The newly published study in the American Economic Review, by researchers from Princeton, Stanford, and Harvard, notes that the US has half a million people sitting in jail before trial on any given day—the highest rate in the world. The question they examined: What effect does this massive program of pretrial detention have on the eventual outcomes of the criminal cases, and on society itself? Perhaps their most shocking finding is that merely holding people in jail before trial—which occurs for economic reasons having nothing to do with guilt or innocence—had a large impact on whether or not people plead guilty.

We find that initial pretrial release decreases the probability of being found guilty by 14.0 percentage points… The decrease in conviction is largely driven by a reduction in the probability of pleading guilty, which decreases by 10.8 percentage points… These results suggest that initial pretrial release affects case outcomes primarily through a strengthening of defendants’ bargaining positions before trial[.]

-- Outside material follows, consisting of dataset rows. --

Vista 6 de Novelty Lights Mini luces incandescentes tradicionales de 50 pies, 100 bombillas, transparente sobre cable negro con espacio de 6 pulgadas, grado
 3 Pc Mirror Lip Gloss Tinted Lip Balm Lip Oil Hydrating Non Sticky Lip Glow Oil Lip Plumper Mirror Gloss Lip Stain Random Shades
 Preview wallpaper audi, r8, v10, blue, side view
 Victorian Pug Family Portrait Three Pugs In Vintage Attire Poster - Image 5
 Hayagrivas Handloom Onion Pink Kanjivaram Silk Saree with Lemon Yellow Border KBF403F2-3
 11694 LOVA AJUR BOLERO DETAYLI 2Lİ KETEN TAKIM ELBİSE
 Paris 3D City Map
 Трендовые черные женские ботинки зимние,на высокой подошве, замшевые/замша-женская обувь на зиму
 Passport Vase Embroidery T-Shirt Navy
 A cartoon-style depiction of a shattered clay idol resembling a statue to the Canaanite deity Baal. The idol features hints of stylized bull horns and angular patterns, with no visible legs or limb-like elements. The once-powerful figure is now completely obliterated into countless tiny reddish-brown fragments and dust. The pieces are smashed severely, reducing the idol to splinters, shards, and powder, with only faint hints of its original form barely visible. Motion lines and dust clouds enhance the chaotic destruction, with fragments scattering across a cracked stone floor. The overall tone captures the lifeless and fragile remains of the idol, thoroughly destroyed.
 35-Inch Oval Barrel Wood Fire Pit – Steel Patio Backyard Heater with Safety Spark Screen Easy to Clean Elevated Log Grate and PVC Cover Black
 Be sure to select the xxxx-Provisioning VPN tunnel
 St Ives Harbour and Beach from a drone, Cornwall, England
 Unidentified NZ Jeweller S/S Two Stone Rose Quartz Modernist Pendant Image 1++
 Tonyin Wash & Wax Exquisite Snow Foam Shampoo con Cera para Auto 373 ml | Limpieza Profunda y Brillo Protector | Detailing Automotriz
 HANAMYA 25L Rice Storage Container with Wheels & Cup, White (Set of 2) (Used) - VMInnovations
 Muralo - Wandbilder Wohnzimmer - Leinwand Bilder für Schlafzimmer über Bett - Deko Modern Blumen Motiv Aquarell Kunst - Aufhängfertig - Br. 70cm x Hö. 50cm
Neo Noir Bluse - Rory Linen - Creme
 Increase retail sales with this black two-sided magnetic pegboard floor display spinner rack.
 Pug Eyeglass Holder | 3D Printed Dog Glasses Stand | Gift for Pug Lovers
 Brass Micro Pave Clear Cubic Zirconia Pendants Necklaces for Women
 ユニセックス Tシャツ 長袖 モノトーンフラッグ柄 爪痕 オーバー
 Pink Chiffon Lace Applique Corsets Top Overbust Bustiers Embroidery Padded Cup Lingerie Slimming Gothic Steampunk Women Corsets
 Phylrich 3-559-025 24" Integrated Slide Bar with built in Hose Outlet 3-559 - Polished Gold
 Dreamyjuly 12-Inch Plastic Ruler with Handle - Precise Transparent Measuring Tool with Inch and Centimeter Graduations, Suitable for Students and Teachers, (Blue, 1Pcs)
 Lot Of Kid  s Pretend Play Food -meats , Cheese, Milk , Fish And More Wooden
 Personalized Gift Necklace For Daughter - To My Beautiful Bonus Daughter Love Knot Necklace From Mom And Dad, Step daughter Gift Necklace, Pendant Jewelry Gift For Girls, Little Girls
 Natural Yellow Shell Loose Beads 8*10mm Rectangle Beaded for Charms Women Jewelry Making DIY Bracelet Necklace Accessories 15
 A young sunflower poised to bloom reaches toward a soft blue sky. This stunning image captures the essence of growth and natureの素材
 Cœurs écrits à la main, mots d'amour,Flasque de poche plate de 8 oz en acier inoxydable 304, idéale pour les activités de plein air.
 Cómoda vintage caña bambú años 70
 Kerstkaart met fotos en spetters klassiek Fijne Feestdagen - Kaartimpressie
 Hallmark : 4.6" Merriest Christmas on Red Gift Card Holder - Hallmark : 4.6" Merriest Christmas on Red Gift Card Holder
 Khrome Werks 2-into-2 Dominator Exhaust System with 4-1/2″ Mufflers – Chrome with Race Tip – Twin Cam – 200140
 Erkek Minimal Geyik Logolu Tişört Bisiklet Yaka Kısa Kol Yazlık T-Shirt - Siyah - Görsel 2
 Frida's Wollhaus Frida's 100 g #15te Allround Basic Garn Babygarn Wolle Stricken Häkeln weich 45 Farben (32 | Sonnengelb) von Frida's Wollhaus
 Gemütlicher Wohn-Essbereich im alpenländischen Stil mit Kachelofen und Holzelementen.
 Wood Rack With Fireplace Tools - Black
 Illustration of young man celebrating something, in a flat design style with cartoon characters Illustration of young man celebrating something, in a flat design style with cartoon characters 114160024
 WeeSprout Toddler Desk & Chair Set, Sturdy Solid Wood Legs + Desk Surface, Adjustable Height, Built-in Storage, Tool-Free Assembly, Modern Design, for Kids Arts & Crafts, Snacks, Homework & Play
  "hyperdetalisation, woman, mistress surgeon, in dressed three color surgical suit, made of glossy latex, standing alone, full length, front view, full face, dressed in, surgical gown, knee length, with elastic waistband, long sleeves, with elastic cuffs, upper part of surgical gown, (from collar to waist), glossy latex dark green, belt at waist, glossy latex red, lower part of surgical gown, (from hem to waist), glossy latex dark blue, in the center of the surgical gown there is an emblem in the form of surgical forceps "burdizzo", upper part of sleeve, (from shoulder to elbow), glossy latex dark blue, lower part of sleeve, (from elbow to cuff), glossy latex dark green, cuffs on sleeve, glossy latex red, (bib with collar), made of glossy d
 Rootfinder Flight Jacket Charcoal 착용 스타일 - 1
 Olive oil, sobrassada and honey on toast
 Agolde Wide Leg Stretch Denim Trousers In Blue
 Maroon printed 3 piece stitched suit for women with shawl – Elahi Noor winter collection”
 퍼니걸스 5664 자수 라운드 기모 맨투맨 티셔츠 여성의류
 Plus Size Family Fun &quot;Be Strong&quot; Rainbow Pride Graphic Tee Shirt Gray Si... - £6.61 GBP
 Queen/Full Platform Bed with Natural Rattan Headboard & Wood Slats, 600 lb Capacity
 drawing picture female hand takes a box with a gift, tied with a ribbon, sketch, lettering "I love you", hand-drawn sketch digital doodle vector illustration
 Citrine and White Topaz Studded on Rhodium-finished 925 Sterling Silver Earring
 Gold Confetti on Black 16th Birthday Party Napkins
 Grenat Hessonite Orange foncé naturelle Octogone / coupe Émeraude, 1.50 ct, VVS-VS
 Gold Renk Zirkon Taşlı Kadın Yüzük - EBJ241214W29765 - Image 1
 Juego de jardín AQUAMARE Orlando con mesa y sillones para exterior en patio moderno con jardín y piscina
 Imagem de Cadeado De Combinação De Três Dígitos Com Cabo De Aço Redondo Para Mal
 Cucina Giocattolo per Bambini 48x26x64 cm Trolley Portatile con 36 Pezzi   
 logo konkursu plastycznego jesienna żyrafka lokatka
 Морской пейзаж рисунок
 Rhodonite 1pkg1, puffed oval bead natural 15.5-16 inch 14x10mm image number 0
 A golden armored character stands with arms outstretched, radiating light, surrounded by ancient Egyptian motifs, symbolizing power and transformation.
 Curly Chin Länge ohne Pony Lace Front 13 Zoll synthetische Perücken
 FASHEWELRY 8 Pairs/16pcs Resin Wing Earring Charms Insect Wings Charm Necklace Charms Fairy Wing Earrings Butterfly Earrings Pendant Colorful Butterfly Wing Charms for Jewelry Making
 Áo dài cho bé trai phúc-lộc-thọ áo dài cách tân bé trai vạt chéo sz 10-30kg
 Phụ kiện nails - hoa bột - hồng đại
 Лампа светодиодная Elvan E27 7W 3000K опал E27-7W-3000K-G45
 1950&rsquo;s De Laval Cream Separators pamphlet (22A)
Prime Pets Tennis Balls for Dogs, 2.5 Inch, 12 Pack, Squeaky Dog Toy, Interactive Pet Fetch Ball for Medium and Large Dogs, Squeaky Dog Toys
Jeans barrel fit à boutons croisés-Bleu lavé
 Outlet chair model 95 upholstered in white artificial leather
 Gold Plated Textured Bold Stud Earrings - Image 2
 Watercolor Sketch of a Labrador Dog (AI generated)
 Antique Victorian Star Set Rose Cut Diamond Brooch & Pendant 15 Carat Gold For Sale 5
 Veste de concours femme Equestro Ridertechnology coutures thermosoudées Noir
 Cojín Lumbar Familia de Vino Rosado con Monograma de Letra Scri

By keeping people in jail until their trial, our system persuades them to plead guilty. That is a perversion of justice at the most basic level. If you have any doubt that this is nothing more than the criminalization of poverty, think about this: “we find in our data that the typical defendant earned less than $7,000 in the year prior to arrest, likely explaining why less than 50 percent of defendants are able to post bail even when it is set at $5,000 or less.”

The study also found that “initial pretrial release increases the probability of employment in the formal labor market three to four years after the bail hearing by 9.4 percentage points,” illustrating how cash bail can easily trap defendants in a downward cycle of poverty and unemployment.

If America didn’t have a cash bail system already the entire concept would strike everyone as grotesque and insane. End it.